Die Proteste der Opposition schafften es nicht Präsident Hugo Chávez zum Rücktritt oder zu verfassungswidrigen Neuwahlen zu zwingen. Zwar wurde die Wirtschaft, vor allem durch die Milliardenausfälle bei den Erdöleinnahmen, so weit geschädigt, dass der ewige Vorwurf der Opposition "unter Chávez sei die Wirtschaftslage katastrofal" sich erstmals bewahrheitet, doch die Regierung sitzt fester im Sattel als zuvor. Das zeigte sich zuletzt am 23. Januar, als in Caracas nach unterschiedlichen Schätzungen drei bis fünf Millionen Menschen für Chávez demonstrierten.

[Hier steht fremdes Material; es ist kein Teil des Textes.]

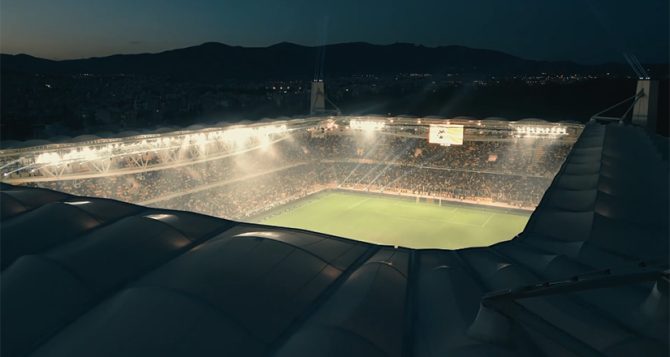 Αποφασίζει η UEFA για τον τελικό του Conference League στην Αγιά Σοφιά – OPAP Arena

Selbst die New York Times bezeichnete die Erklärung der Opposition nach 62 Tagen vermeintlichen Streiks als "Sieg für Chávez". "Tatsache ist", so sie einflussreiche Zeitung weiter, "dass der Streik tagelang nur aus dem Wort bestand, die Venezolaner des Steiks, der ihre Wirtschaft verwüstet hat, müde waren und dieser auch keines der Ergebnisse zeigte, die noch im Dezember versprochen worden waren".

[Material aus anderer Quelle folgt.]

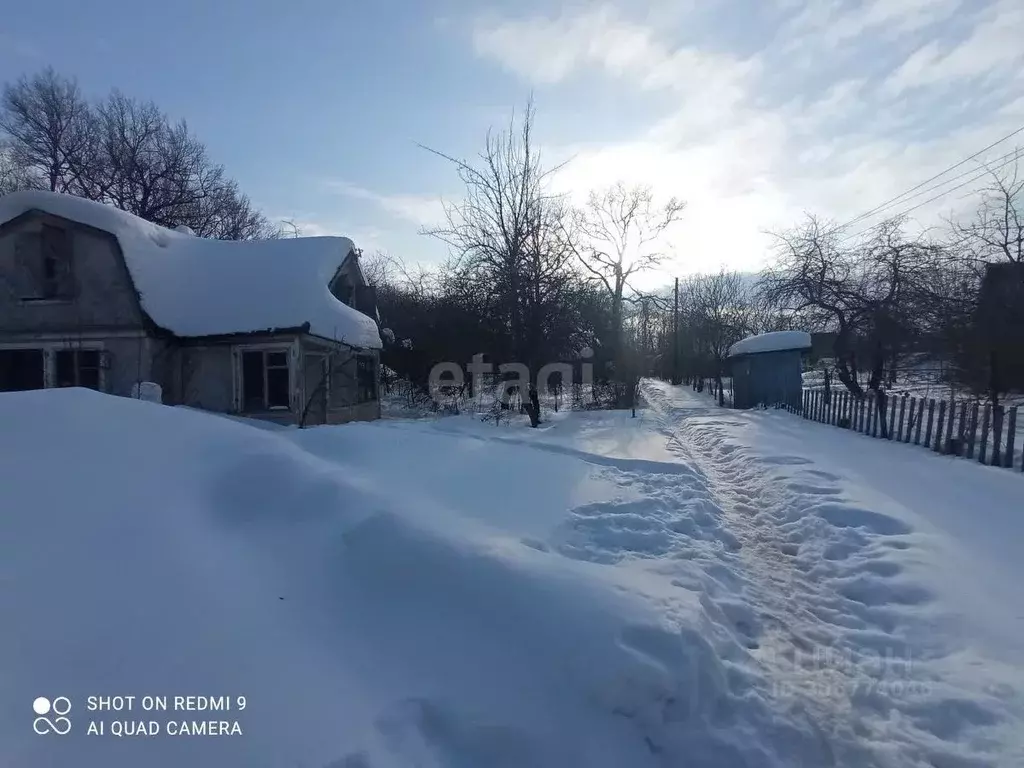 Участок в Нижегородская область, Нижний Новгород Заветы Мичурина Сад № ... - Фото 0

Zugleich versucht die Opposition jedoch ihre Niederlage als Verhandlungsbereitschaft zu verkaufen und bezeichnete das "Ende des Streiks" als einen Schritt des Entgegenkommens, wie ihn die erst kürzlich von Brasilien ins Leben gerufene "Gruppe der befreundeten Staaten", die die Organisation Amerikansicher Staaten (OAS) bei ihren Vermittlungsbemühungen unterstützt, von Opposition und Regierung gefordert hatte.
Im Erdölsektor bestand der "Streik" im wesentlichen aus gezielten Sabotageaktionen höherer Angestellter. Damit konnten Erdölproduktion und -export erheblich beeinträchtigt werden. Doch auch hier befindet sich die Situation seit Ende Dezember im Normalisierungsprozess. Laut Angaben der Regierung soll die Produktion in dieser Woche wieder zwei Millionen der üblichen 3,4 Millionen Barrel betragen. Während die Marine des staatlichen Erdölunternehmens PDVSA weitere 78 Entlassungen bestätigte, womit die Zahl der wegen Beteiligung an Sabotageakten Entlassenen auf etwa 3.000 anstieg, kündigte der Streikführer der Erdölarbeiter Juan Fernández an, der Streik in der Erdölindustrie werde bis zu einer "Wahlentscheidung und der Zukunftssicherung der Entlassenen" fortgesetzt.
Die Anschläge und Sabotageakte, die wie kleine Nadelstiche seit Monaten das Land destabilisieren, gehen jedoch weiter. Bewaffnete schossen in den vergangenen Tagen mehrmals auf die Erdölanlagen "La Campiña" und verletzten andernorts verschiedene Regierungsanhänger mit Schusswaffen.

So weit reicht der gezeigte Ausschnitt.